Per claim 8, Alwani combined with Abdelouahab discloses claim 1, Alwani further disclosing decomposing a layer with a plurality of previous horizontally side-by-side input feature maps (fig. 4, rights side…decomposing layers to merge into pyramids; Section III.D…“On the right side, we consider decomposing the layers into two pyramids.; and merging the layers obtained after the decomposition into respective input branches (fig. 3 and Section III.A…pyramids are construed to be input branches, ”fusing two layers, the general form allows for more than two to be merged in an analogous way…if the layers are visualized spatially, this process creates a computational pyramid across multiple layers”).
Per claim 9, Alwani combined with Abdelouahab discloses claim 8, Alwani further disclosing the decomposed layer is a POOL layer on a trunk having branch inputs (Section III.B…” Because the pooling operation is performed localized over small tiles, we always fuse the pooling layer into the previous convolutional layer, as it saves bandwidth at virtually no cost”).
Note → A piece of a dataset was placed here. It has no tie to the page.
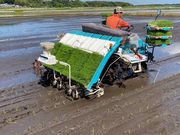 �� Rice Farm�̎ʐ^2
Per claim 10, Alwani combined with Abdelouahab discloses a method to optimize a neural network computational graph based on rules (see claim 1 analysis), comprising: making preset rules according to the method of claim 1 (Alwani: Section V…an exploration tool built to analyze pyramid combinations and how they affect reduced frequency of data exchange between FPGA and off-chip memory, the exploration tool is an optimization based on programmed rules: “a tool for exploring the tradeoffs of fused-layer CNN accelerators designs…analyzes the costs (in terms of added on-chip memory capacity or added arithmetic operations) and benefits (off-chip accesses saved) for all possible pyramids and combinations of pyramids)”); searching a topology conforming to the preset rules in the neural network computational graph and reconstructing the computational graph (Alwani: Section V.B and fig. 7…different groupings of layers into pyramids, e.g., topologies, are explored using the exploration tool, e.g., reconstructing the original computational graph is different combinations of groupings, “For each network, we enumerate all possibilities and compute how much data must be transferred to and from DRAM and how much on-chip buffering is required. Figure 7 shows these results for AlexNet and VGG…For example, point A in Figure 7(b) has the lowest on-chip storage cost; it represents a layer-by-layer design that incurs no layer-fusion costs and transfers 86MB of data. Point C represents another extreme, where five convolutional layers are fused and only the input and final output feature maps are transferred. This design transfers only 3.6MB per image, a 24x reduction in DRAM traffic, but requires 362KB of on-chip memory for intermediate results. Other points between these extremes may represent attractive tradeoffs. For example, point B transfers 25MB of data, but requires only 118KB of extra on-chip storage”).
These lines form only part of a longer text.